WHAT TO PRODUCE: Please repeat, exactly and without pictures, the lines of the entries below that run from the one containing "65제곱미터 테이블이 있는 갈색 의자 4개" through the one containing "new 2026 Chevrolet".

RECORDS FOR THE TASK:
[Start of section]

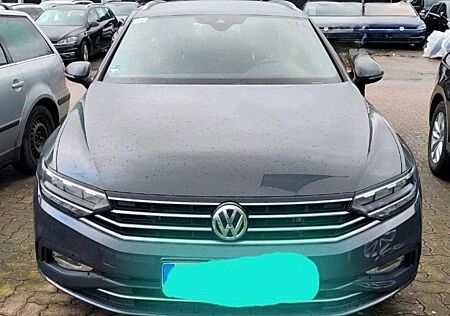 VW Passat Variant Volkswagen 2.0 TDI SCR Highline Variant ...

[End of section]
[Start of section]

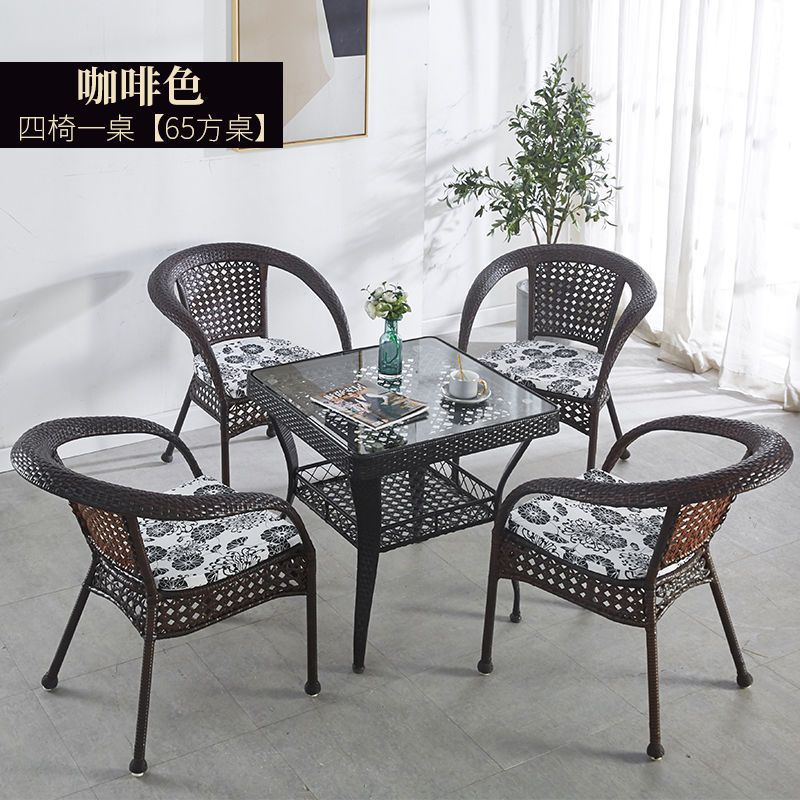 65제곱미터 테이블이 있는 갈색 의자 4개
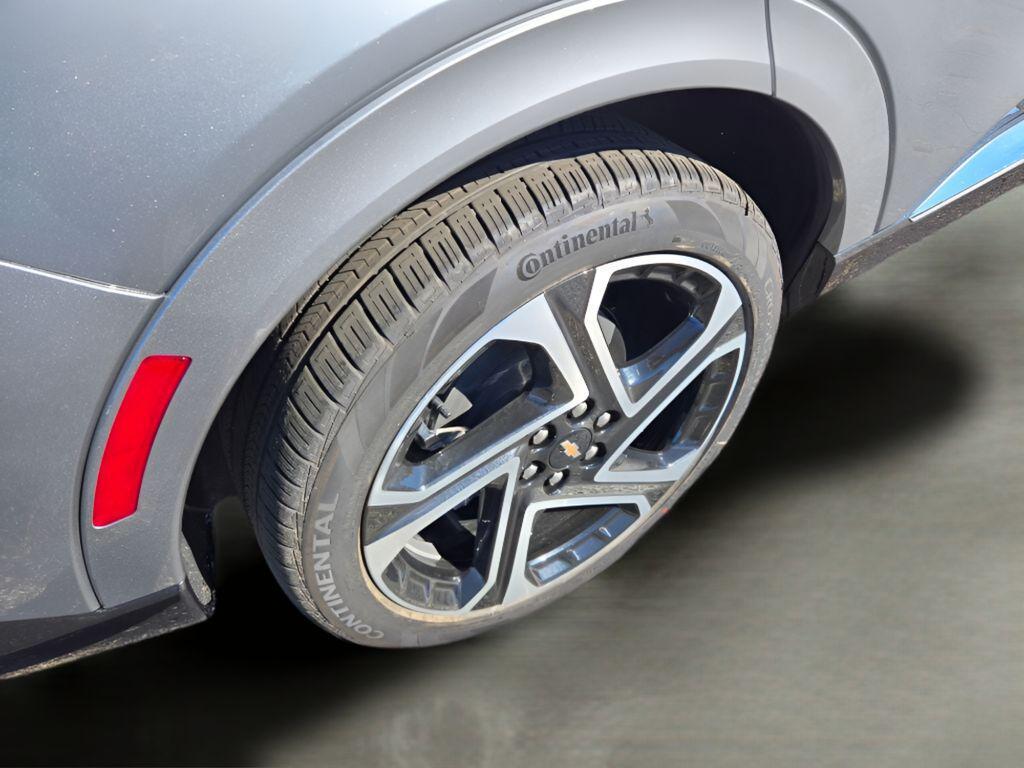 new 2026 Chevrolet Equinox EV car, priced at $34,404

[End of section]

RESULT OF THIS EXERCISE:
 65제곱미터 테이블이 있는 갈색 의자 4개
 new 2026 Chevrolet Equinox EV car, priced at $34,404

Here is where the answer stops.